また11月には、松山市内で自転車同士が衝突し、80代の男性が頭に大けがをしました。

停止状態から倒れ込む自転車。乗っている人形は、頭を打ち付けているように見えます。これは、JAF(=日本自動車連盟)が行った実験の様子です。

子どもに見立てた人形を乗せた自転車を転倒させ、ヘルメット着用の有無による違いを調べました。

その結果。
ヘルメットを着用せず転倒した場合、衝撃によって脳が受ける影響は着用している場合のおよそ3倍となることが分かりました。

悲惨な事故を減らすために4月1日から施行される、ヘルメット着用の努力義務化。警察によりますと、愛媛県内で過去5年間に自転車を利用中の交通事故で亡くなった人は38人。
うち34人、実に9割に当たる人が、ヘルメットを着用していませんでした。

こちらは、ヘルメットを取り扱う自転車の専門店。
努力義務化を控え、2022年の年末ごろから販売が伸び問い合わせも増えていると話します。

(イオンバイク松山店・鎌田智己店長)
「去年より5倍以上、問い合わせがあり、売れている」

販売が2022年の同じ時期と比べおよそ5倍に伸びていて、その注目の高さが伺えます。

「若い人はもちろん、年配の人からの問い合わせもある」

客層のほか売れ筋の商品にも変化があるとのこと。

「こういったスポーツタイプのヘルメットを想像することが多いと思うが、バイザーが付いた、街中で、普段着で被れるような帽子型のものや、こういうデザインのもの、街中で普通に被れるものが売れている」

デザイン性の高い商品が増え、選択の幅は随分広がっているようです。ヘルメットの選び方についても聞いてみました。

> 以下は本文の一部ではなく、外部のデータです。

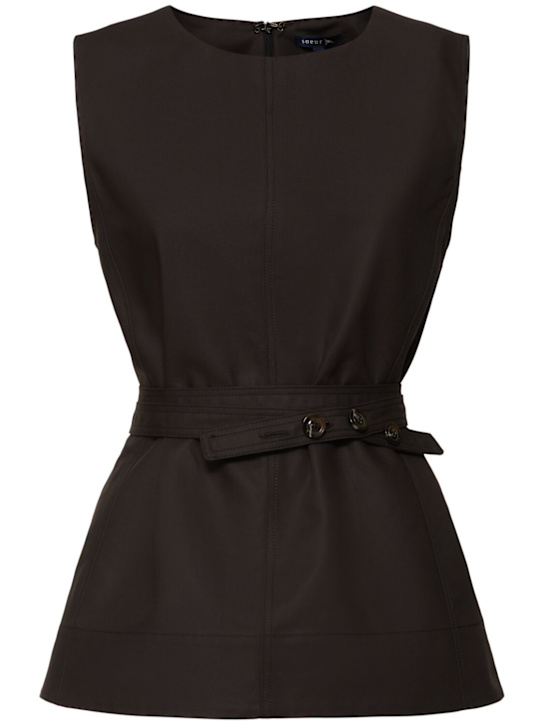 Soeur: Chance cotton top w/ belt - women_0 | Luisa Via Roma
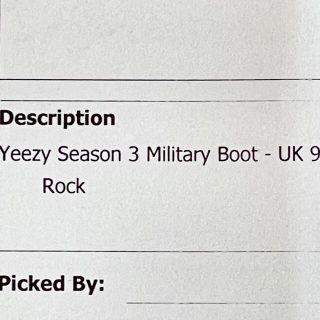 カニエウェスト着用 YEEZY SEASON 3 ミリタリー ブーツ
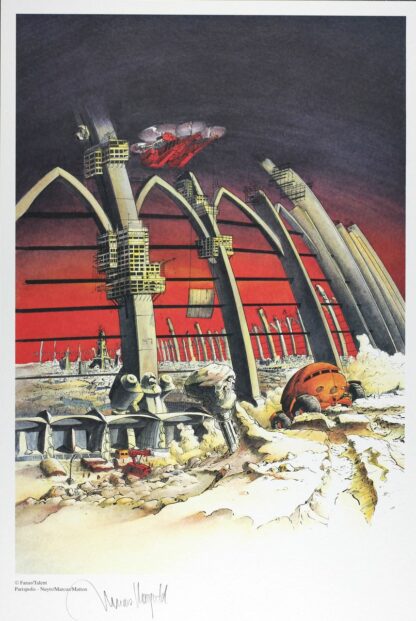 Marcus, Parispolis, Affiche offset signée, Remparts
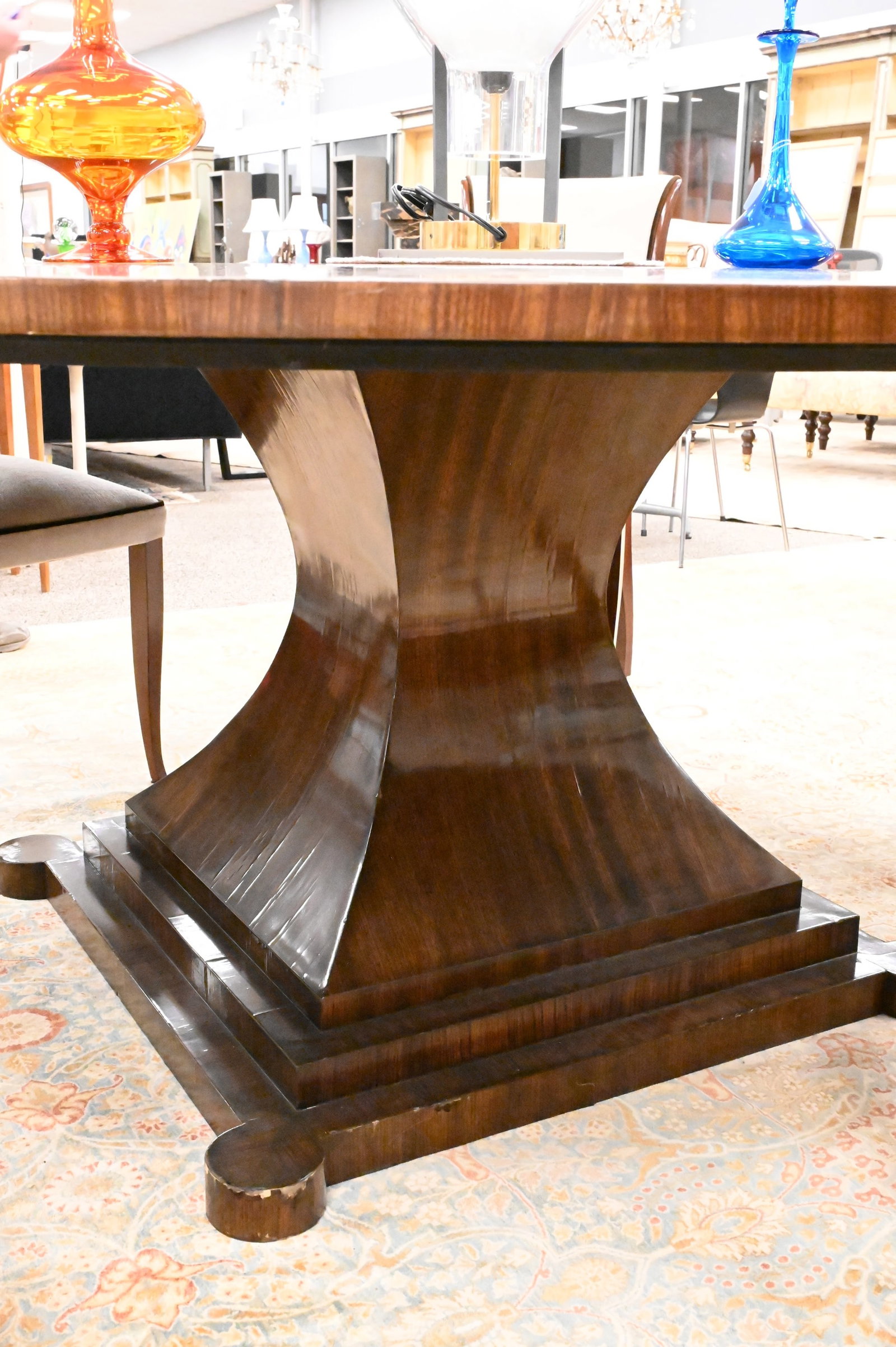 Contemporary Biedermeier Style Round Dining Table - 3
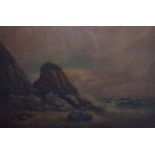 J MCCELLAND (1888), Framed Oil on Canvas, signed & dated, Coastal Landscape. 49 cm x 74 cm.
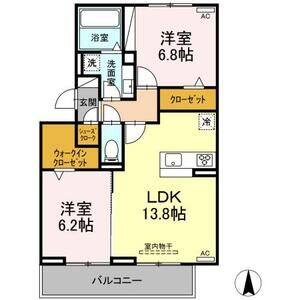 2LDK 間取り図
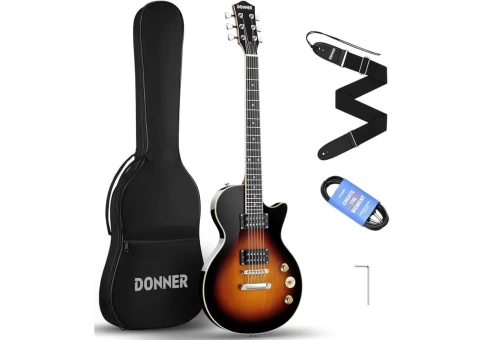 Электрогитара Donner LP-124 Sunburst фото 3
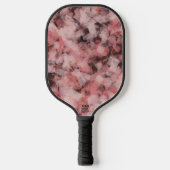 Black Gray Pink White Modern Geometric Abstract Pickleball Paddle (Voorkant)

「被ってみて、きつくないかと、すき間が大きくないかをチェックする。アジャスターがあれば微調整することができる。あごひもの調整は、指2本が入るくらいのすき間に調整する。大きすぎても小さすぎても、安全性が損なわれてしまう」

自分の頭の大きさに合ったものを選ぶことが何より重要と話します。

4月から、全ての人を対象に実施されたヘルメットの努力義務化。被っていなかった場合、違反になってしまうのでしょうか。

愛媛県警の「バイシクルユニット」隊員に聞いてみました。

(愛媛県警交通企画課・井上貴志警部)
「被らなかった場合どのような取り締まりがあるのか?」
「ヘルメットを着用していなかったからといって罰則はない。ただ、警察官が街頭監視のときに、被っていない人を見たら、声を掛けて、ヘルメット着用をお願いしたり、チラシを配布することはあると思う」

警察は、着用率が伸び悩んでいる年齢の高い層に対しても、積極的に呼び掛けを行う方針です。

「ぜひ、ひとりでも多くの県民の方々に、自転車でヘルメットを使う重要性を認識してもらい、広く県民の方々に輪が広がっていくことを願っている」

ヘルメットの着用は、あくまで「個人の判断」ということになりますが、悲惨な事故を防ぐため、ひとりひとりが意識して行動することが大切です。